The variation for EV for AA alone across the various table levels is from 2.06 at the 1/2 level to 2.30 at the 10/20 level and estimated to be 2.26 at the 25/50 level. I say estimated because, interestingly enough, at the 25/50 level, they don't have enough hands of 7 players or more all playing in the hand where AA is to make a statistically sound ev. (there are more than 10 but less than 50 data points at those sized hands).

This tells you that at all levels below 25/50 there are enough hands with 7-10 people all betting that it happened more than 50 times where someone had AA... Note that if you have that AA with 6-9 callers, your odds of winning the hand are only 34-44%, but when you do win, you win pretty big (6-8 big bets when you DO win 34-44% of the time = 2.72, the ev from 7-10 handed at 1/2).

Hope this helps.

Marm
01-07-2005, 12:45 AM
3 things that noticed that raised my eyebrow a little:

1) There are no big losers the second chart.
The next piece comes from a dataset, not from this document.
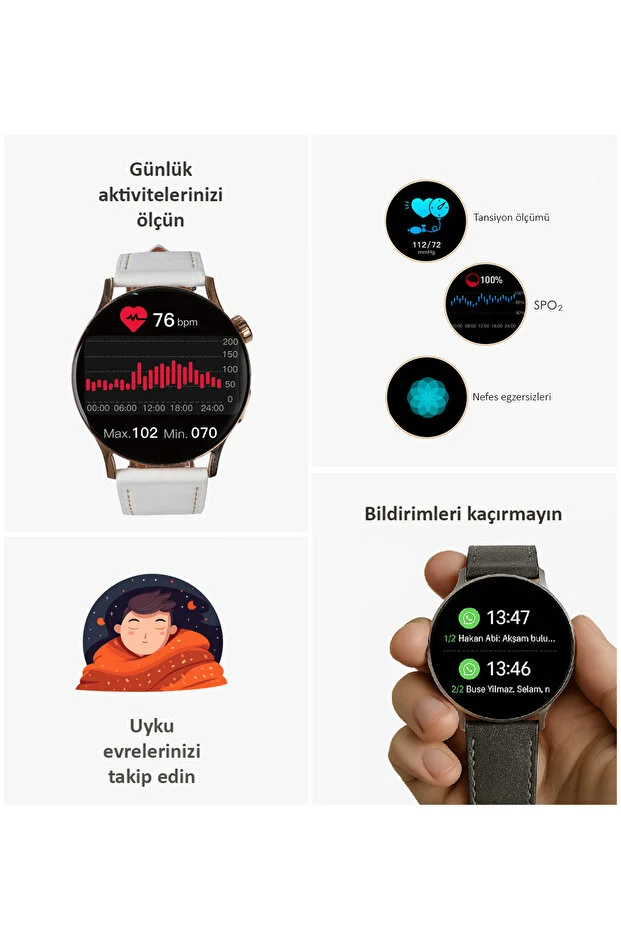 Kompakt Şık Akıllı Saat Sesli Görüşme Özellikli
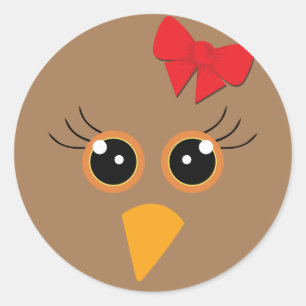 Sticker Rond 🦃 Adorable face de dinde, brun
AA has an EV of 2.32 bb, while the worst hand there 32s, only has a -.15 bb EV. This doesnt sit right with me, don't know what though.
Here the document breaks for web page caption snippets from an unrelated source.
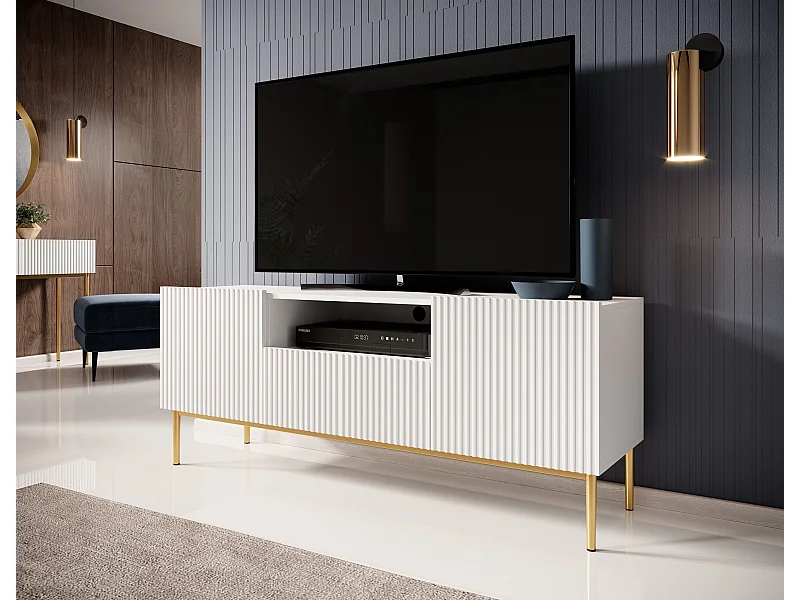 Mueble TV blanco con 2 puertas y 1 cajón con pie de metal dorado 150x45 cm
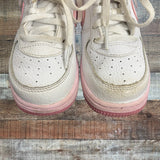 NIKE White/Pink Air Force One Sneakers - Size 9 Kids (See Notes)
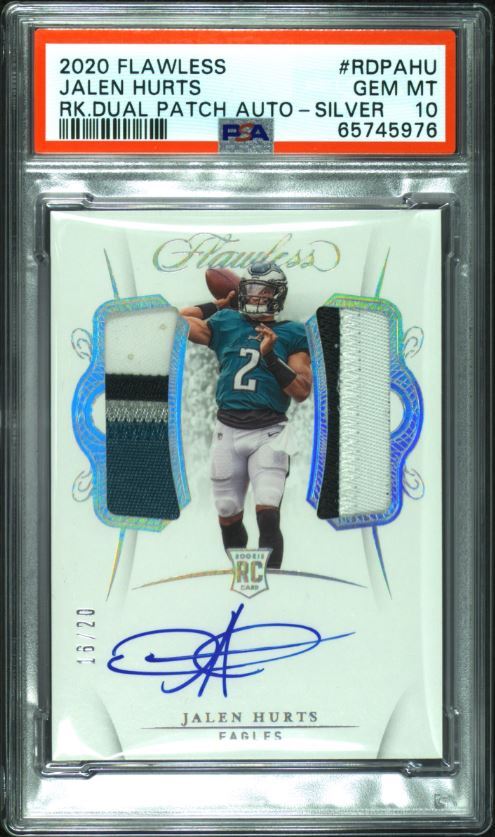 Jalen Hurts Panini Flawless Rookie Dual Patch Autographs #RDPAHU Silver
2) There are almsot identical occurences of AJs as 32s, so obviously they are counting times dealt, not flops seen. So how can you asign a EV to a folded hand that was never played? maybe thats why the (-) Ev is so small, people just don't lose that much with them because they don't play them.

3) How are some of the unsuited hands more profitable than the suited hands? Not much but enough. 32 is -.14 and 32s is -.15. THe suited hand should be more profitable intuition tells me. But maybe its because the suited gets played more than unsuited, and as such, loses more.


I like the concept of this study. Not sure on the accuracy of this, though.